The girl in red was unsure if she could also laugh, then decided she could.
“You should take us out instead,” the girl in blue jeans said. “We like you better than those two bums anyway.”
“But you need a change of clothes,” the other one said. “You got a change of clothes in that bag, baby? You don’t want to go in looking like you’re going to be serving drinks.” She let out a throaty laugh.
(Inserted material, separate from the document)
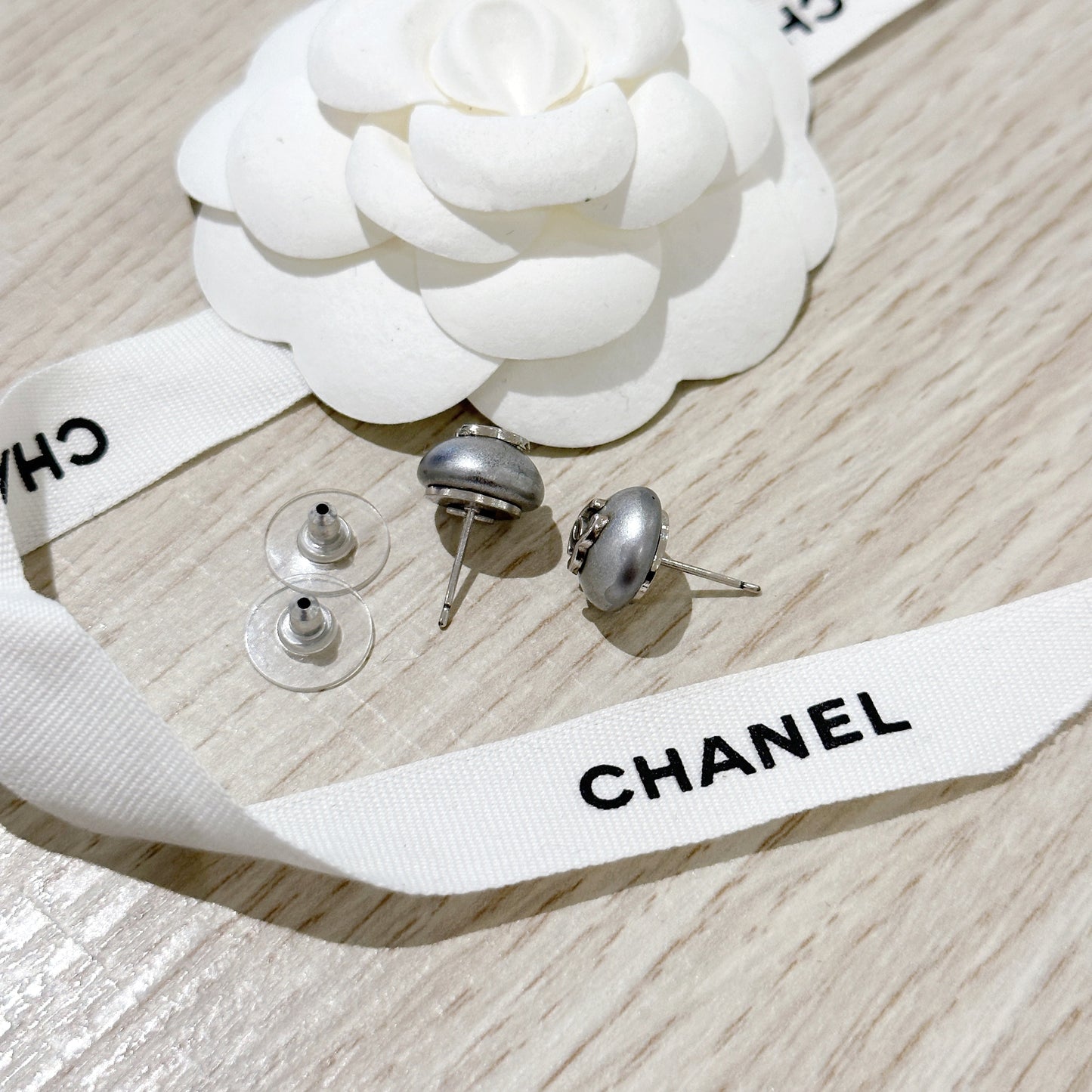 Chanel   earrings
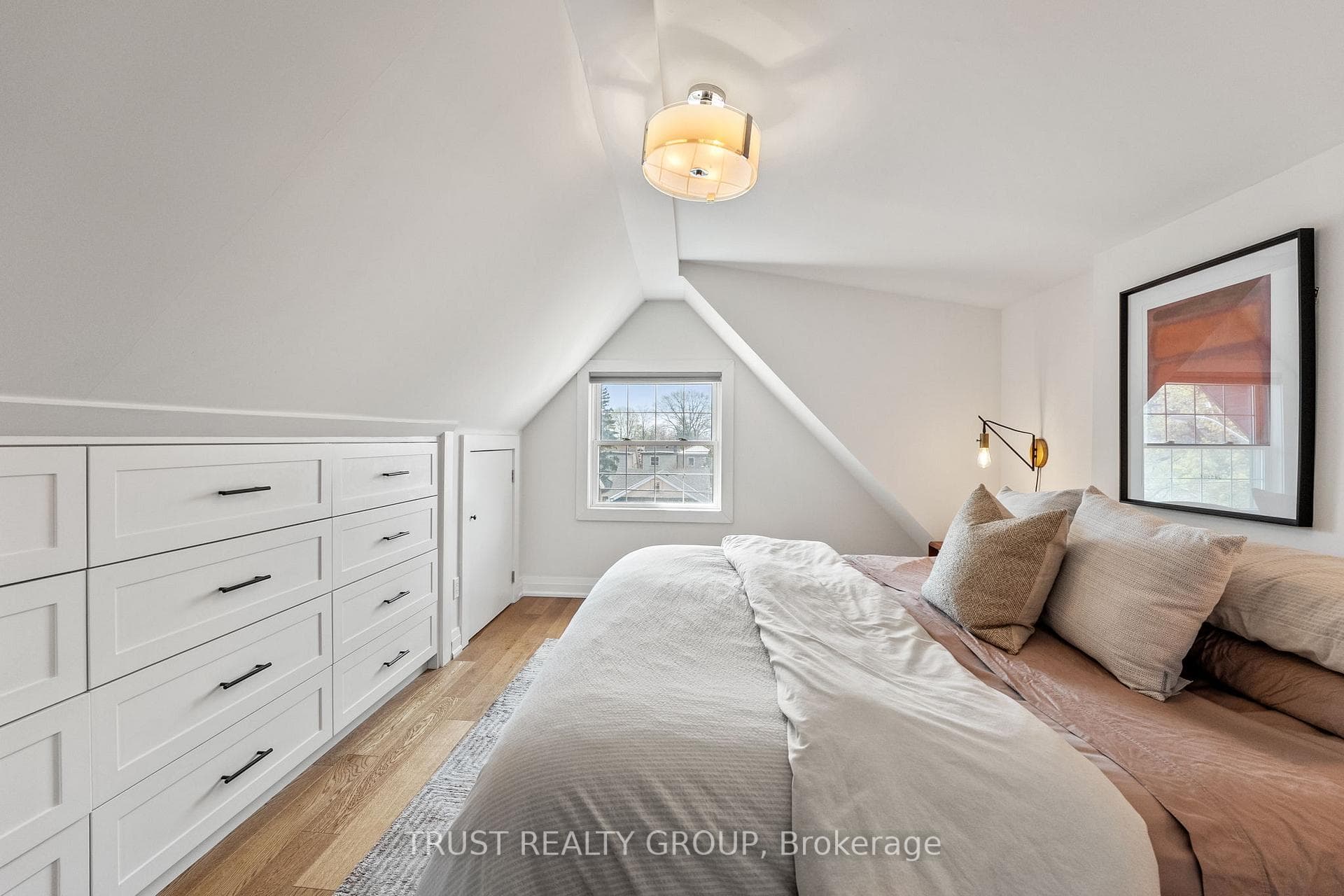 262 Queensdale Avenue photo 19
The bottoms of his feet burned, and his back felt like he had had a tire iron strapped to it. His head was spinning from all that he wanted to talk over with Adanya and also from the endless miles of grief he had seen: the sobbing mothers clutching flowers in one hand and their toddlers’ hands in the other; the softball team whose coach had just ordered her players to take off their hats; men on crutches who still hadn’t fully comprehended what had happened back in Than Khe and Quang Ngai and Chu Lai.
Just then he saw two men approaching—clad in jeans and bright, silky shirts halfway buttoned, one with a purple comb in the side of his Afro. The other man flicked his friend’s shoulder at the sight of the two women and smiled. “I told you, man,” he said.